### What you have to do
Please give an exact transcription of the records shown below.

-- Entries provided follows --

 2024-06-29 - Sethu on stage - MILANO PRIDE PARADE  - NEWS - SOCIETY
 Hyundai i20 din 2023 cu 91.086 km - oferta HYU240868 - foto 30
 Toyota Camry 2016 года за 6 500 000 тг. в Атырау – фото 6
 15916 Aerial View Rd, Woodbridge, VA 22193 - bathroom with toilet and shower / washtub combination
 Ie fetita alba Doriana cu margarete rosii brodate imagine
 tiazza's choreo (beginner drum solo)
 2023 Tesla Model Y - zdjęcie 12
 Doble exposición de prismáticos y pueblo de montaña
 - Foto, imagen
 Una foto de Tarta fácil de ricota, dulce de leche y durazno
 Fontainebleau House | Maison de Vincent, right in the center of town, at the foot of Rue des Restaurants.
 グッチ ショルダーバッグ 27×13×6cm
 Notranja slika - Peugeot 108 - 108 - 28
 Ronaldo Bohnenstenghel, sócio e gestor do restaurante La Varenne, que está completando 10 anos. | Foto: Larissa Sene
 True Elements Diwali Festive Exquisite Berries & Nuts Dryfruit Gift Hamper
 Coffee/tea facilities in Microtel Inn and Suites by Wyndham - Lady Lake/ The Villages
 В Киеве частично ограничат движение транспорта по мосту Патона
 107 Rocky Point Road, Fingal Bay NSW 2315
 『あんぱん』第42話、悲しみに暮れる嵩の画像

-- Entries provided concluded --

### Expected answer
 2024-06-29 - Sethu on stage - MILANO PRIDE PARADE  - NEWS - SOCIETY
 Hyundai i20 din 2023 cu 91.086 km - oferta HYU240868 - foto 30
 Toyota Camry 2016 года за 6 500 000 тг. в Атырау – фото 6
 15916 Aerial View Rd, Woodbridge, VA 22193 - bathroom with toilet and shower / washtub combination
 Ie fetita alba Doriana cu margarete rosii brodate imagine
 tiazza's choreo (beginner drum solo)
 2023 Tesla Model Y - zdjęcie 12
 Doble exposición de prismáticos y pueblo de montaña
 - Foto, imagen
 Una foto de Tarta fácil de ricota, dulce de leche y durazno
 Fontainebleau House | Maison de Vincent, right in the center of town, at the foot of Rue des Restaurants.
 グッチ ショルダーバッグ 27×13×6cm
 Notranja slika - Peugeot 108 - 108 - 28
 Ronaldo Bohnenstenghel, sócio e gestor do restaurante La Varenne, que está completando 10 anos. | Foto: Larissa Sene
 True Elements Diwali Festive Exquisite Berries & Nuts Dryfruit Gift Hamper
 Coffee/tea facilities in Microtel Inn and Suites by Wyndham - Lady Lake/ The Villages
 В Киеве частично ограничат движение транспорта по мосту Патона
 107 Rocky Point Road, Fingal Bay NSW 2315
 『あんぱん』第42話、悲しみに暮れる嵩の画像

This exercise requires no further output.